Image-caption web data:
########

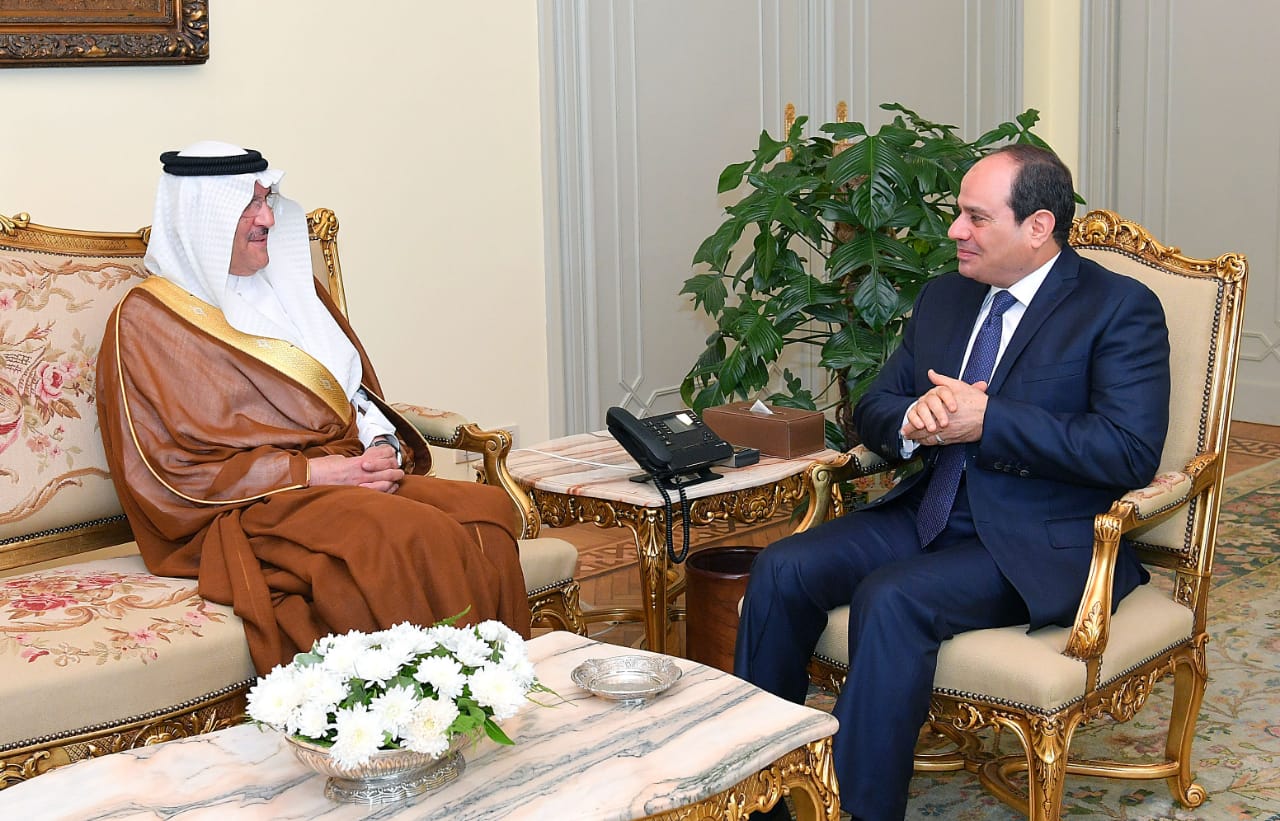 الرئيس عبد الفتاح السيسي والسفير أسامة بن أحمد نقلي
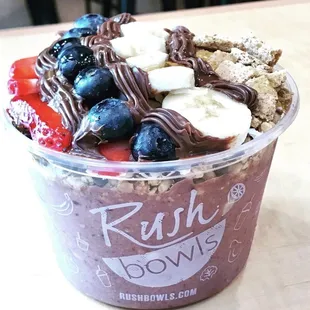 Beach bowl with yummy toppings!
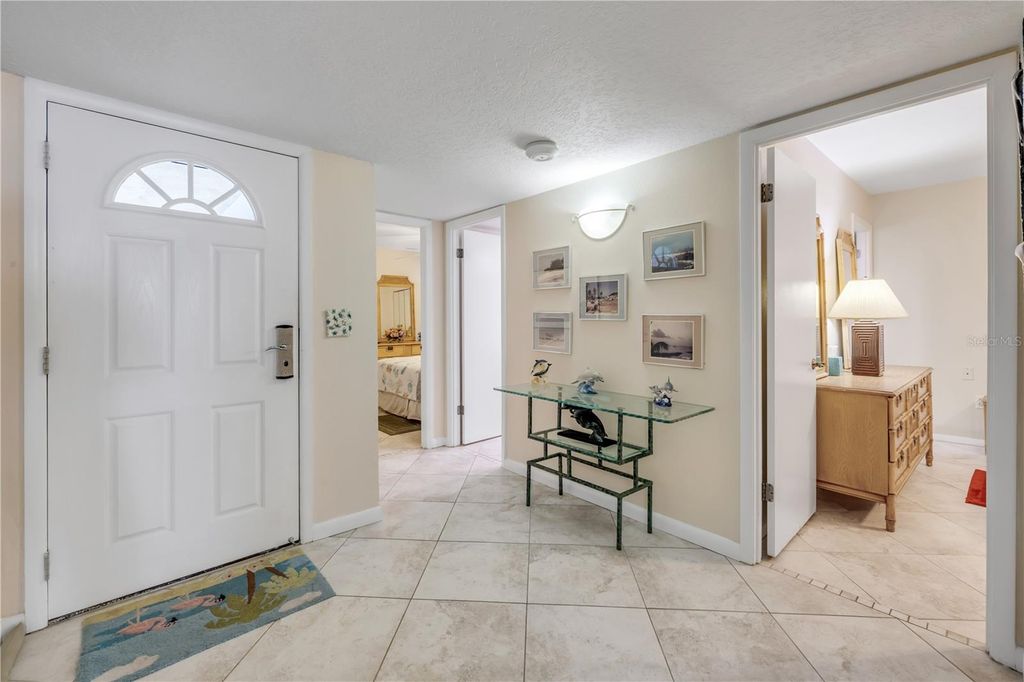 Image 6 of property listing at 5203 S ATLANTIC AVENUE 313B, New Smyrna Beach, FL 32169
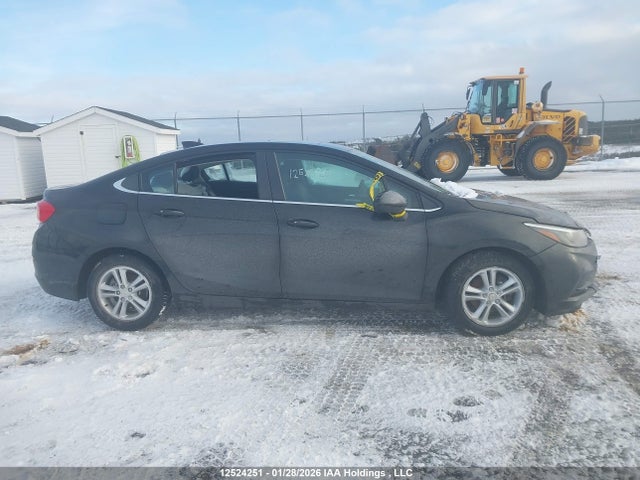 1G1BE5SM0J7205732 Chevrolet Cruze Lt Auto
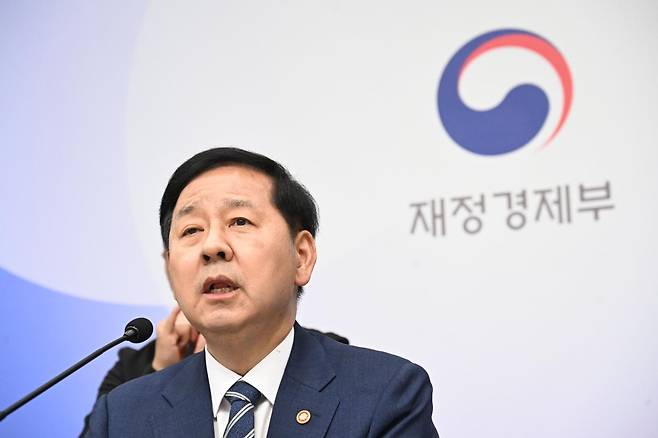 구윤철 부총리 겸 재정경제부 장관이 지난달 30일 정부세종청사에서 '2026년 세제개편안'의 방향에 대해 설명하고 있다. 재경부 제공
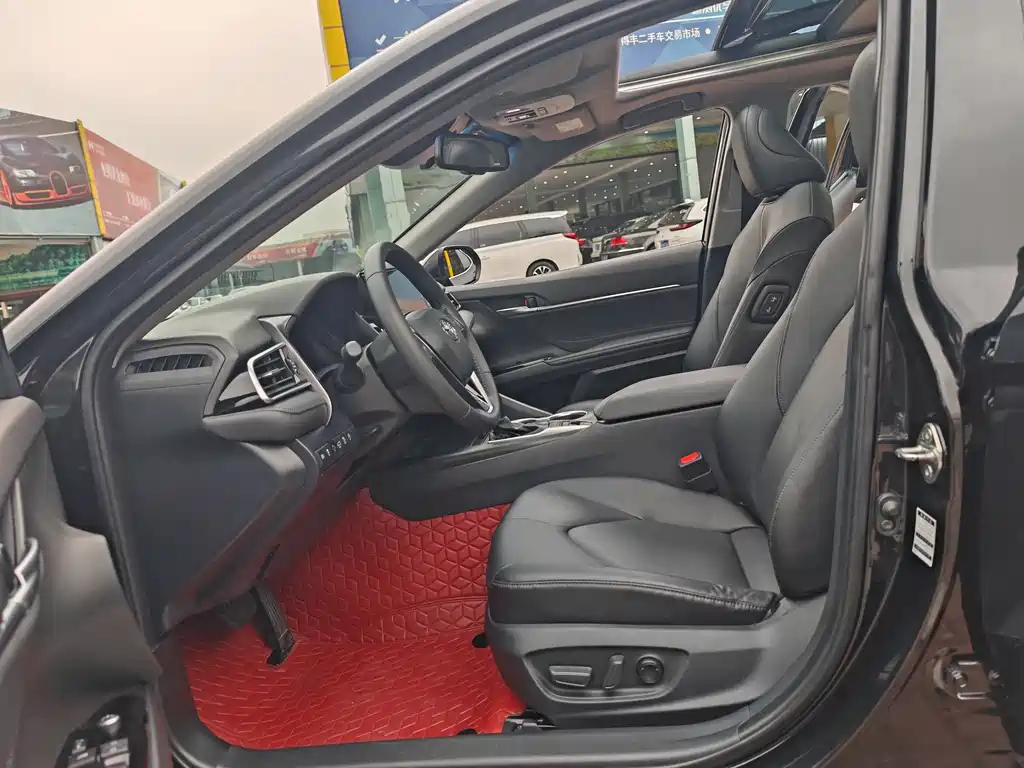 TOYOTA CAMRY 2022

########

#### What the exercise asks
Leave out every picture and copy verbatim the lines running from the line containing "구윤철 부총리 겸 재정경제부" through the final line of the data.

#### Your response
 구윤철 부총리 겸 재정경제부 장관이 지난달 30일 정부세종청사에서 '2026년 세제개편안'의 방향에 대해 설명하고 있다. 재경부 제공
 TOYOTA CAMRY 2022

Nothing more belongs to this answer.